Fourth Sunday after Pentecost – Father’s Day, June 16, 2013

Rev. George Ferch

Hebrews 1:5

 

Fellow-Redeemed in Christ Jesus,

  Fathers, what was your initial reaction the very first time your wife told you that you were going to be a father? Or, the first time your child called you dad? Awe, excitement, maybe a little apprehension. Even if God has given us more than one child, I know for me those things did not change from the first to the last. Some of us have enjoyed the experience of feeling those things all over again with our grandchildren.

  It is no secret that our fathers were not perfect. It is no secret we are not perfect fathers. While  like Jesus says none of us would give our children a snake when they asked for a fish, or a rock if they asked for bread, there are times we might lose the sense of joy and awe in the privilege of taking care of God’s sons and daughters. On this national Father’s Day, we look to the Holy Scriptures to renew us in our fatherhood.

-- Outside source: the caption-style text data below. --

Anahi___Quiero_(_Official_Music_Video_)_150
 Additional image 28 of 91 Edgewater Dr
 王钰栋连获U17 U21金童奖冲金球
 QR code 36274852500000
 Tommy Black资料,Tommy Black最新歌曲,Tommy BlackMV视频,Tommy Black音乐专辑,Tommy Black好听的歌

  God the Father models joyful fatherhood. He was well pleased with Jesus, his eternal Son. God the Father renews us in our fatherhood, and motherhood for that matter, through the forgiveness of all our sins by the holy blood of that Son. The writer to the Hebrews uses, and I use this word in its actual meaning, the awesome relationship between God the Father and God the Son to inspire us to The Great Joy of Fatherhood. God is Jesus’ father; God is our Father through Jesus.

  On Trinity Sunday, we confessed, “For each person-the Father, the Son, and the Holy Spirit- is distinct, but the deity of the Father, Son, and Holy Spirit is one.” God has revealed himself in the Holy Scriptures. While this remains a mystery to our human reason, it is one of the fundamental truths on which we build our saving Christian faith.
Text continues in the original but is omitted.